Thanks Quan Yhong and Stephen. Today I did more experiment and finally narrowed
down the cause (but not the root cause) of the problem.
Under the following situation the in-memory source database and the NFS disk
destination database will meet deadlock across 2 threads:
* Thread 1 (T1) creates an in-memory database with a dir-path-like database
name, such as “/NFS/some_dir/database” (/NFS/some_dir/ exists)
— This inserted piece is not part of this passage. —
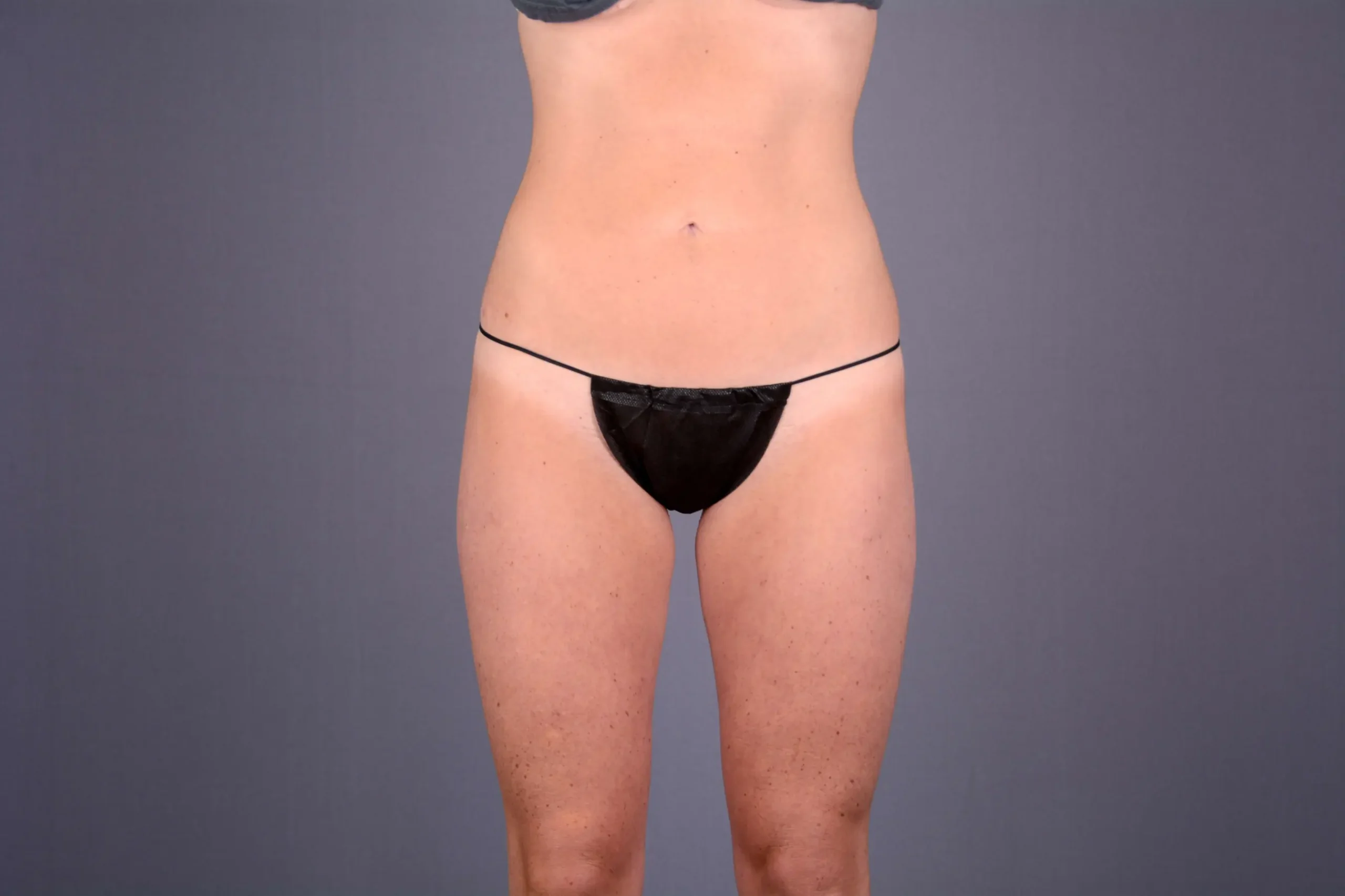 Couture Dermatology & Plastic Surgery after — Las Vegas, NV
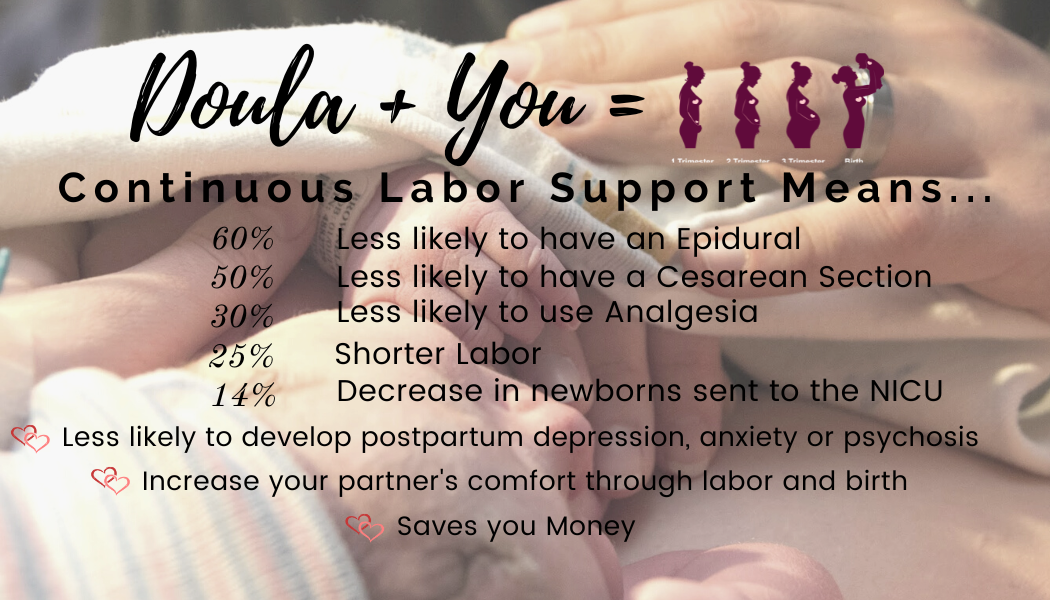 Statistics showing benefits of doula support including reduced cesarean rates and shorter labor times.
* std::string m_tmpFileName =
"file:/NFS/some_dir/database?mode=memory&&cache=shared”;
* int rv = sqlite3_open_v2(m_tmpFileName.c_str(), &m_sqlObj,
SQLITE_OPEN_READWRITE | SQLITE_OPEN_CREATE | SQLITE_OPEN_SHAREDCACHE |
SQLITE_OPEN_URI, NULL);
* Thread 2 (T2) creates a NFS disk database with exactly the same
dir-path-like database name - “/NFS/some_dir/database”
* std::string m_fileNameOnNFS = "/NFS/some_dir/database”;
* int rc = sqlite3_open(m_fileNameOnNFS.c_str(), &m_sqlBackupDestObj);
This is the event sequence in my scenario when deadlock is reproduced:
1. T1 is writing to the in-memory db. Meanwhile, T2 is trying to back up the
in-memory db to NFS db but fails due to in-memory db is busy (sqlite3_back_step
returns SQLITE_BUSY).
2. T1 finishes the writing.
3. T2 retries the back-up. It acquires the in-memory db’s mutex and Btree’s
mutex. Then acquires the NFS db’s mutex. But finally fails to acquire the NFS
db’s Btree’s lock somehow (probably due to the 2 databases share the same name)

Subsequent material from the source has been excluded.